June 3 : 7:00 am 9:00 pm

Forbidden Hollywood is a monthly series hosted by STL film critic Katie Carter celebrating the Pre-Code films of the early 1930s, when movies were wild, racy, transgressive, and tons of fun.

THE PUBLIC ENEMY: “That’s not a motion picture. It’s beyond a motion picture.” MGM producer Irving Thalberg spoke those words to Warner Brothers’ head of production Darryl F. Zanuck after Zanuck previewed for him the studio’s 1931 release “The Public Enemy.” Thalberg wasn’t wrong: director William Wellman’s tale of small-time Chicago hood Tom Powers’ (played by James Cagney in a star-making performance) rise to enforcer for a prominent bootlegger during Prohibition ended up becoming arguably the most influential of the onslaught of crime pictures that became incredibly popular at the box office circa 1931.

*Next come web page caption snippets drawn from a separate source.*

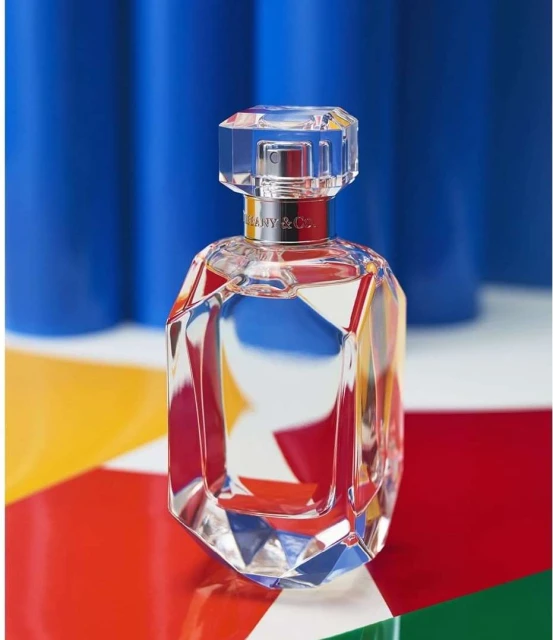 Crystal perfume bottle by Tiffany & Co. with geometric faceted design on a colorful geometric backdrop and blue studio background.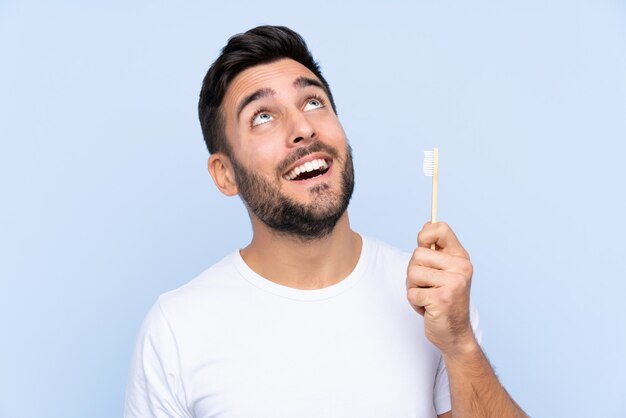 Jonge knappe man met baard zijn tanden poetsen over geïsoleerde muur te kijken terwijl het glimlachen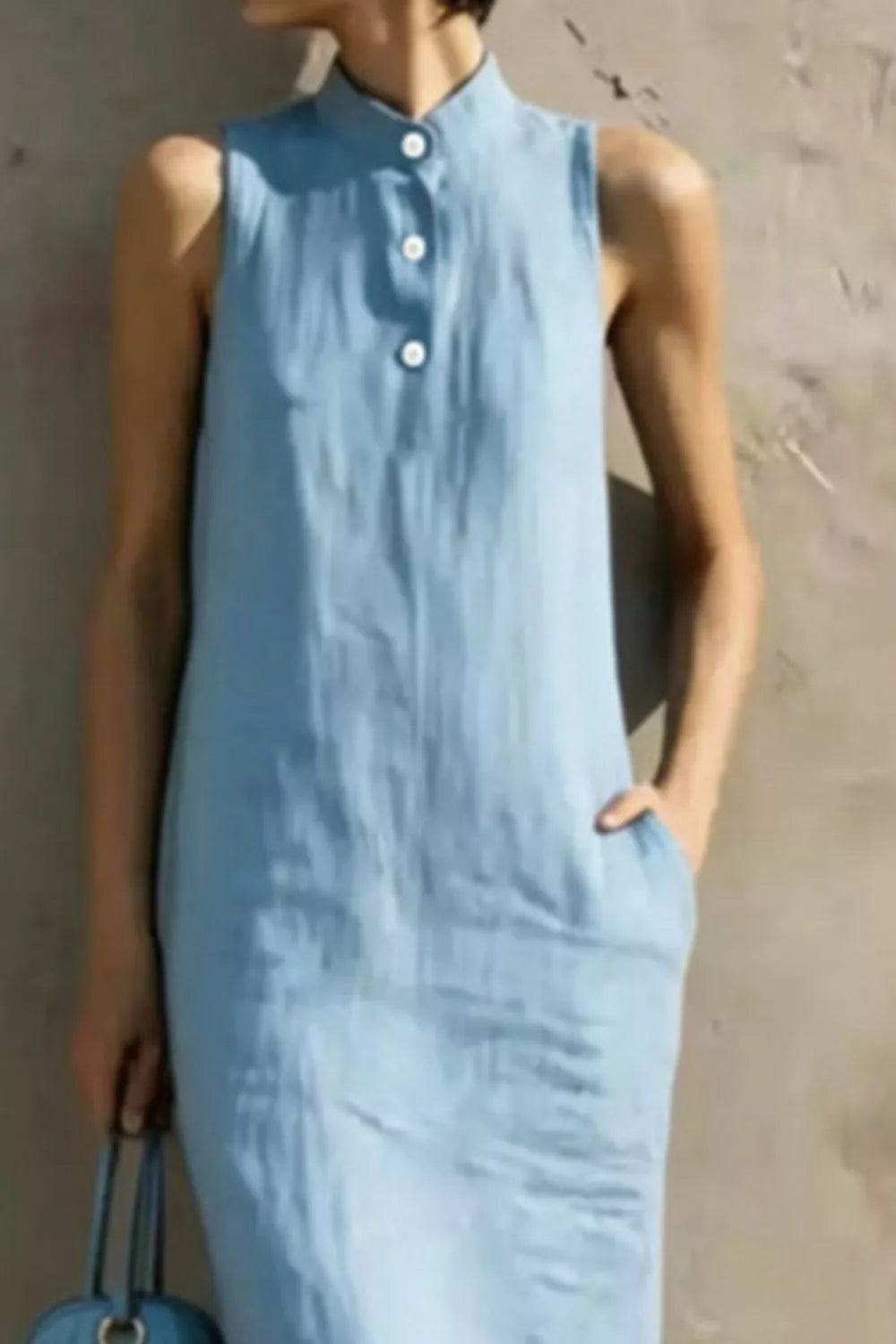 Casual sleeveless midi dress by Trendsi with button details, lightweight fabric, and a relaxed fit, ideal for warm-weather wear.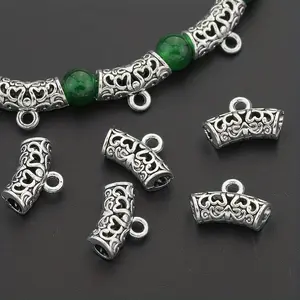 57 PCS alloy hollow curved heart-shaped floral pattern connectors, suitable for DIY jewelry making, bracelets, necklaces and earrings accessories.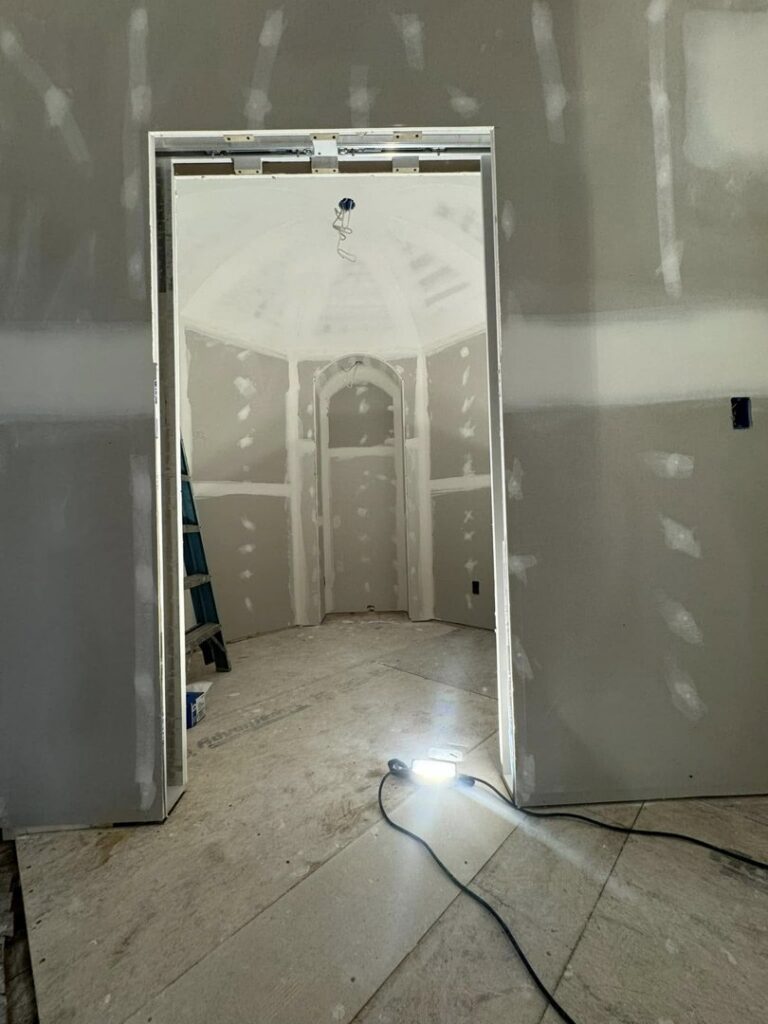 Drywall installation in progress, including a unique domed ceiling, by Tribute Painting & Drywall in St. Louis, MO.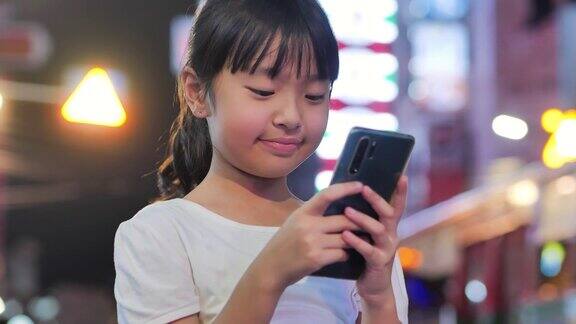10岁的亚洲女孩晚上在城市里使用5G智能手机的幸福可视化5g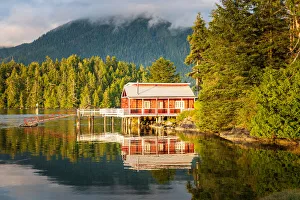 Red dock house with pier over the harbour water in Tofino, Vancouver Island, Canada Red dock house with pier over the harbour water in Tofino, Vancouver Island, Canada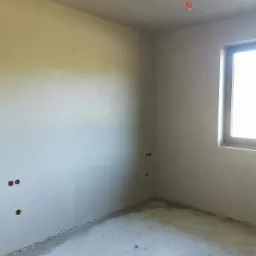 Pokój po nałożeniu gładzi gipsowej, widoczne puszki elektryczne i surowy beton na podłodze, okno z parapetem w prawym górnym rogu.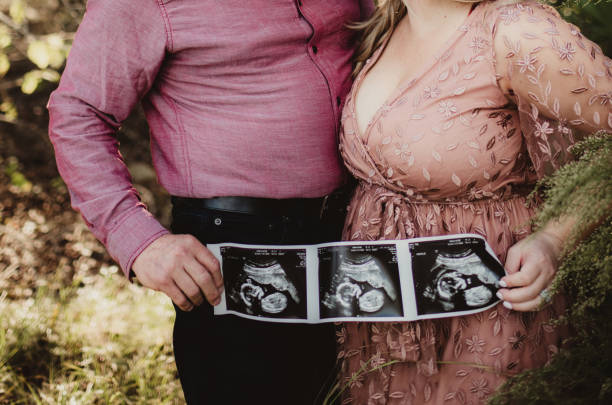 istock Couple holding ultrasound photos 1467472227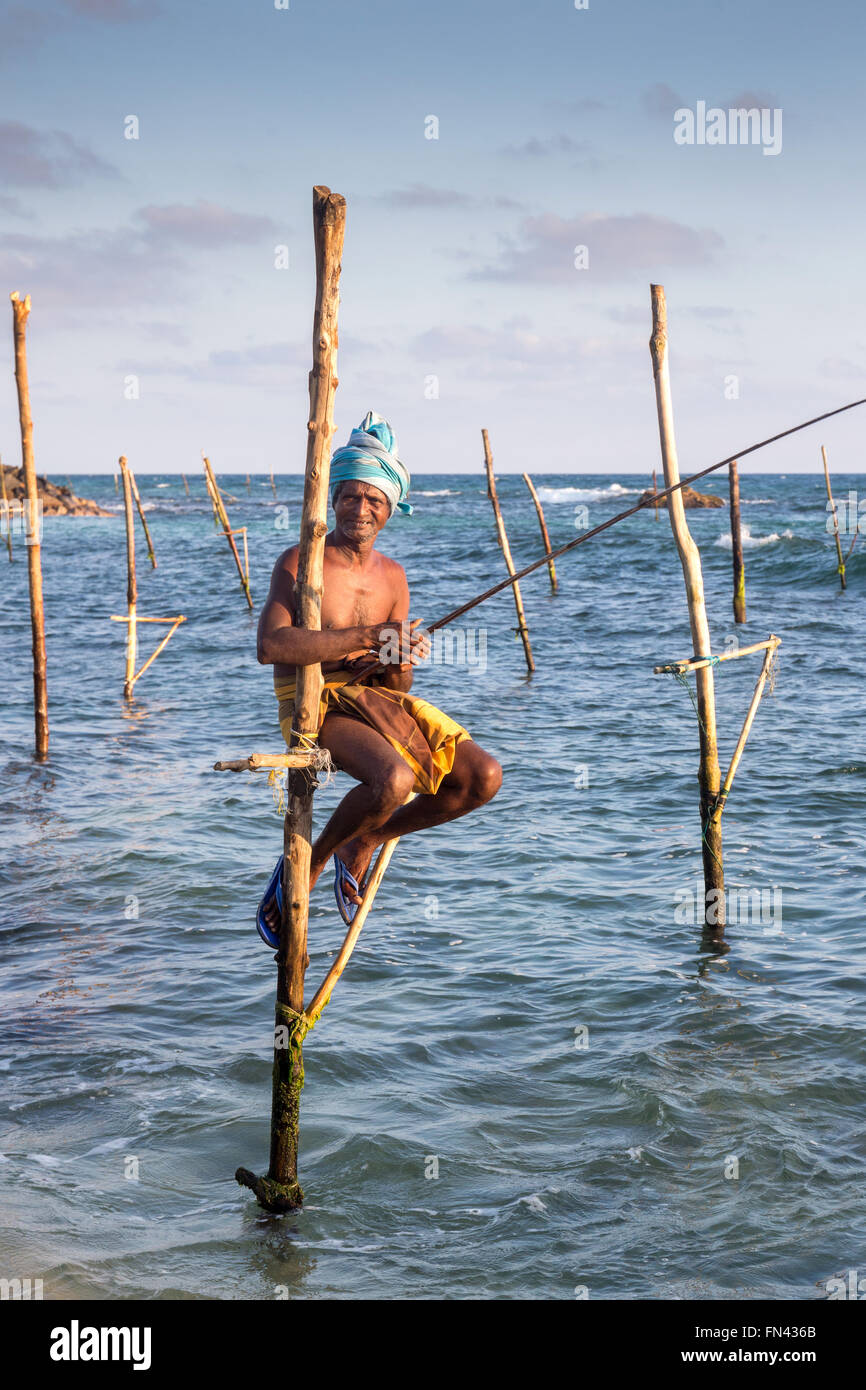 Sri Lankan stilt fishing, Sri Lankan stilt fishermen at sunset Stock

Whether or not “The Public Enemy” set a good example for audiences was hotly debated by morality groups, studio personnel, and moviegoers nationwide, with even Al Capone himself (the gangster whose exploits inspired the unpublished novel the film was based on) stating that, “These gang pictures— that’s terrible kid stuff. They’re doing nothing but harm to the younger element of the country.” “The Public Enemy” neither endorses Tom’s criminal lifestyle nor condemns it, portraying the ineffectualness of the police alongside the lucrativeness of Tom’s career, Cagney’s brazen charm and the addition of some family drama casting him as a largely sympathetic character. The film is rife with overt sexuality (the revolving door of Tom and his friend Matt’s women includes Joan Blondell, Mae Clarke, and Jean Harlow), extreme violence (with live ammunition used in several scenes), and one of the Pre-Code era’s most explicit depictions of a homosexual character, but it harasses all of that to ultimately craft a damning portrait of toxic masculinity. As frequently as the hallmarks of the gangster genre established in “The Public Enemy” have been referenced and parodied in Hollywood over the decades, the original film is as exciting as it was the day it was released, right down to its chilling final shot.